Task statement>
Whatever lies between the line with "Koupelna v ubytování Novotel Avignon Nord" and the end of the data, both included, must be copied exactly and without pictures.

─── The input

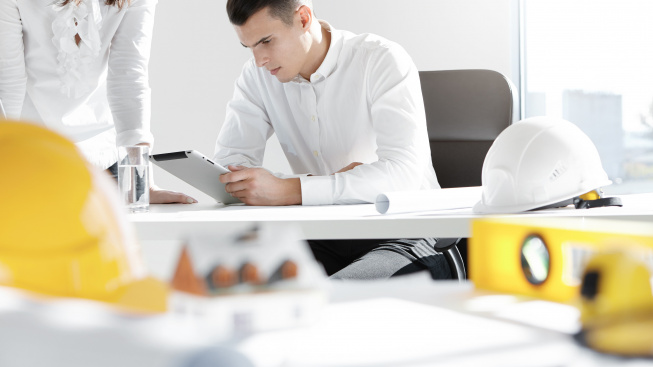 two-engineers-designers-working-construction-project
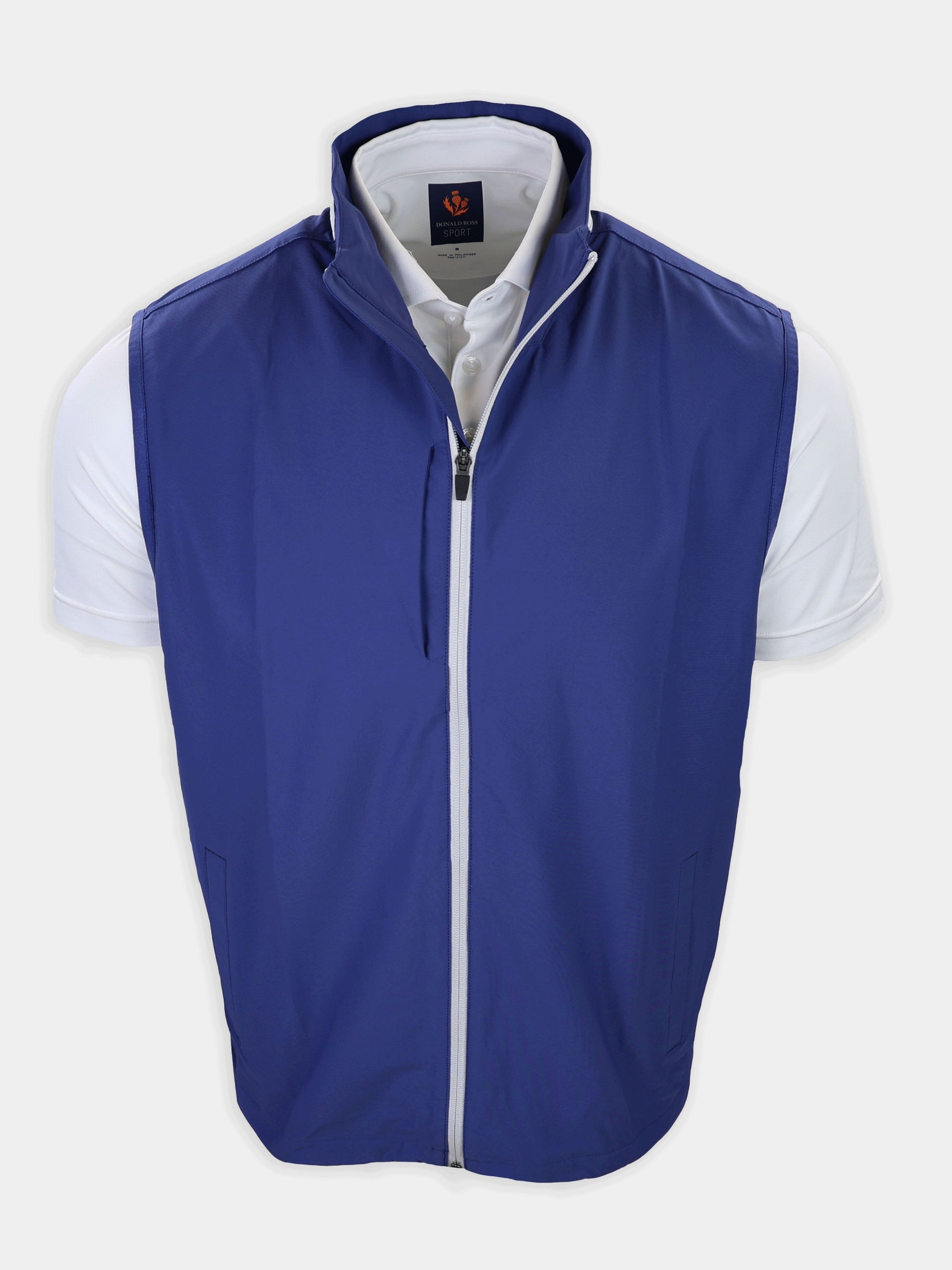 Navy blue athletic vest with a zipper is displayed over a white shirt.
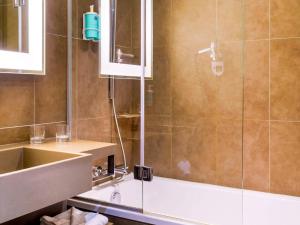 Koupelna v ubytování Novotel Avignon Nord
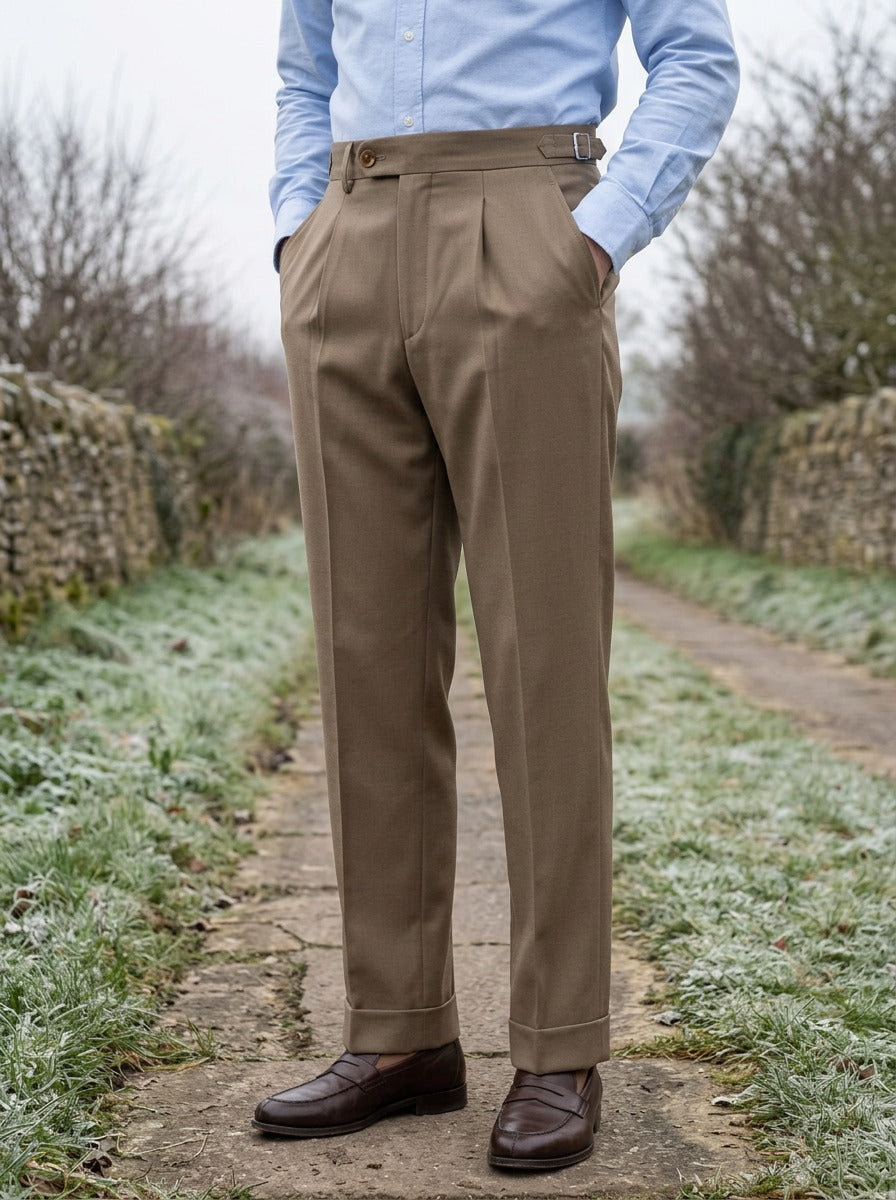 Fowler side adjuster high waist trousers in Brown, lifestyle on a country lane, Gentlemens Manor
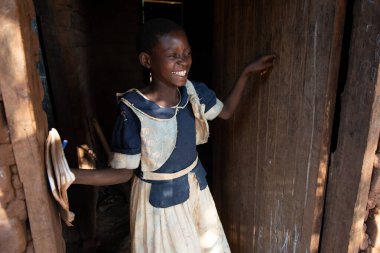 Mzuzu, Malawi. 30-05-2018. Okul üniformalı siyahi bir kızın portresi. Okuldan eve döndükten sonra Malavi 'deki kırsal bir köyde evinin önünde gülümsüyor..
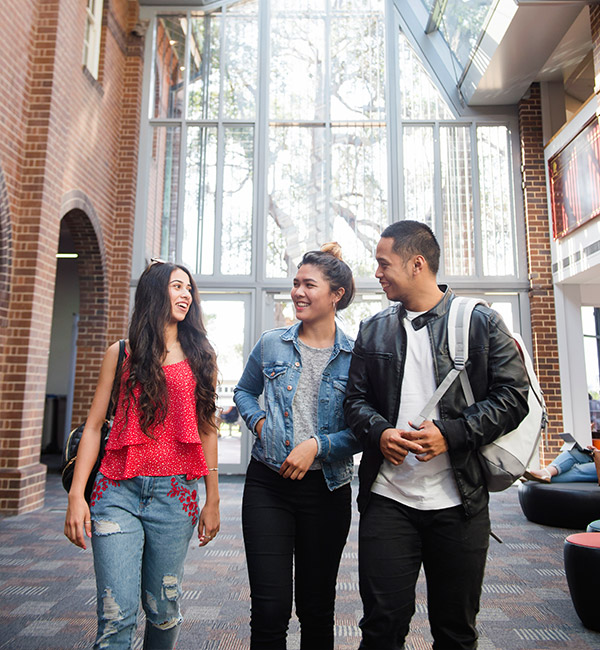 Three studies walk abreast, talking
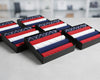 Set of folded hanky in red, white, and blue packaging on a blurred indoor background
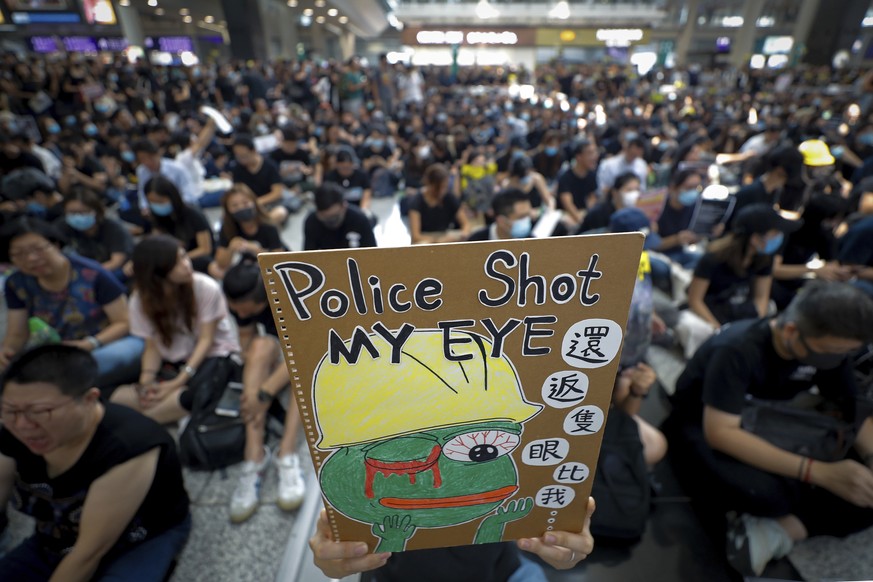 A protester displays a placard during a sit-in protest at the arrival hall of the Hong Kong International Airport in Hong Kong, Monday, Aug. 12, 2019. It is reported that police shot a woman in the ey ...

──────

Worked solution>
 Koupelna v ubytování Novotel Avignon Nord
 Fowler side adjuster high waist trousers in Brown, lifestyle on a country lane, Gentlemens Manor
 Mzuzu, Malawi. 30-05-2018. Okul üniformalı siyahi bir kızın portresi. Okuldan eve döndükten sonra Malavi 'deki kırsal bir köyde evinin önünde gülümsüyor..
 Three studies walk abreast, talking
 Set of folded hanky in red, white, and blue packaging on a blurred indoor background
 A protester displays a placard during a sit-in protest at the arrival hall of the Hong Kong International Airport in Hong Kong, Monday, Aug. 12, 2019. It is reported that police shot a woman in the ey ...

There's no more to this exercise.